Nueva porción del escalope. En esta ocasión, con la obligación de ayudar su entrada con una patatita salsera.
«Shshsprglotss.»
—Modere lengua y glotis, Alcoceba.
«Shuipshizss.»
—Señor marqués, con las patatas, cero patatero, y no me quiero hacer el gracioso.
—Es duro, Tomás, pero no creo que pase la prueba.
Alcoceba sabe que está al borde del precipicio.
—La macedonia, Alcoceba.
He ordenado que la macedonia tuviera más cuadraditos de manzana que de pera.
La manzana hace un «crajj» cuando se mastica mal que no deja lugar a la duda.
Primer intento. «Crajcraj.»
Segundo intento. «Crajcraj.»
Le sorprendo a Alcoceba haciendo trampa. Deshecha los trochos de manzana y rebusca los de pera.
—¡Ehhhh!
El administrador pega un salto del susto.

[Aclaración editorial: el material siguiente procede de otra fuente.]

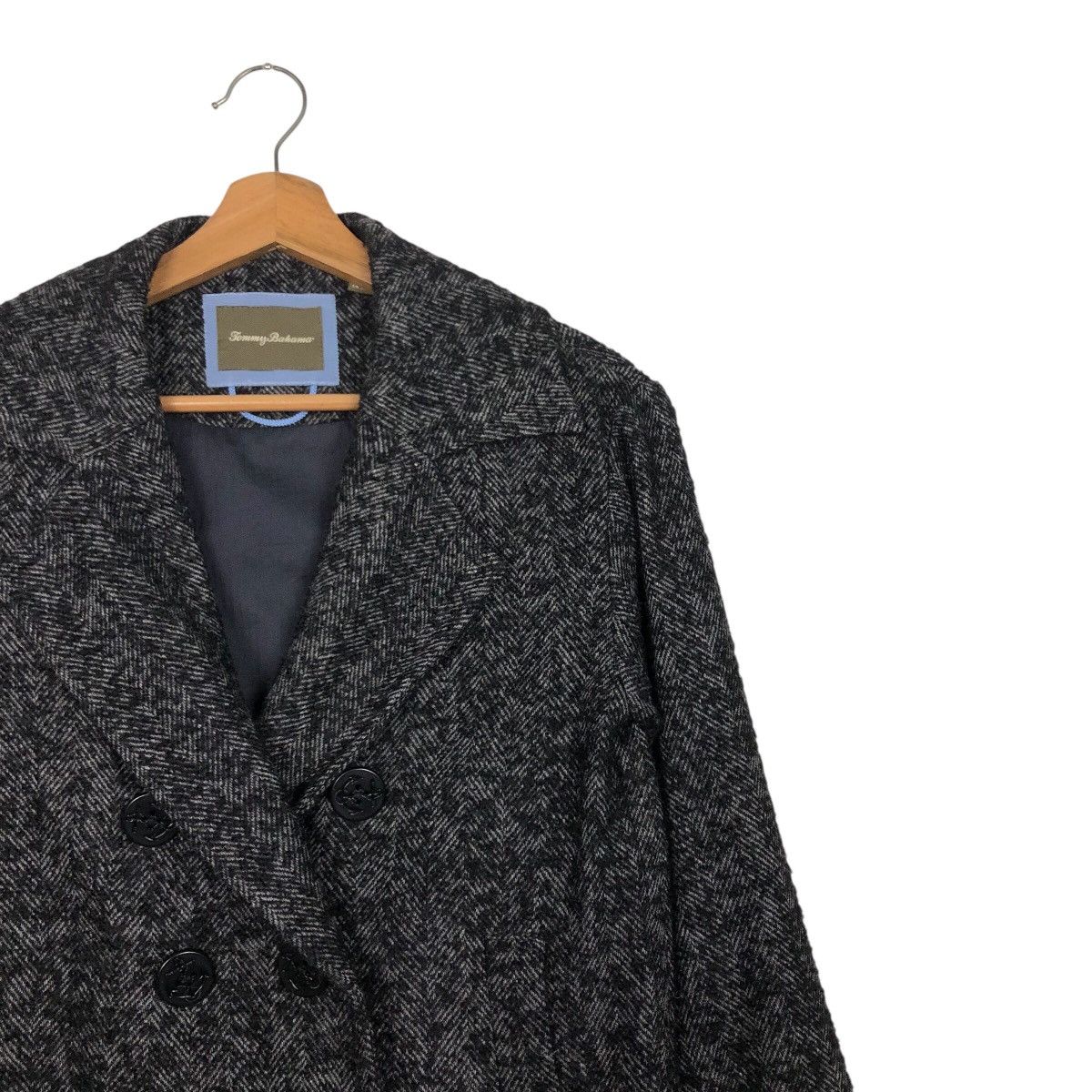 Japanese Brand Tommy Bahama Wool Blend Peacoat — Charcoal Herringbone Size US XS / EU 42 / 0 - 7 Thumbnail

—A la próxima le suspendo.
Cucharada variada. «Crajcraj.»
—El examen ha concluido. Alcoceba, haga el favor de abandonar el guadarnés.
Puede quitarse el cachirulo. En cinco minutos será informado de la decisión final.
Se incorpora doliente, exhausto. Me mira como el alumno sin esperanzas que busca el milagro rozando la sensibilidad del maestro. Bajo los ojos. No soy un examinador fácil. Justo, pero no fácil. Reconozco que Alcoceba lleva a cabo una gran labor administrativa en casa, pero tampoco se puede quejar. Hemos permitido que robe con prudencia, y al cabo de los años, esa prudencia en el robo le ha permitido comprar dos pisos en Sevilla, una pequeña viña en Jerez y un apartamento en el Puerto de Santa María. Alcoceba me ha robado, pero con decente medida.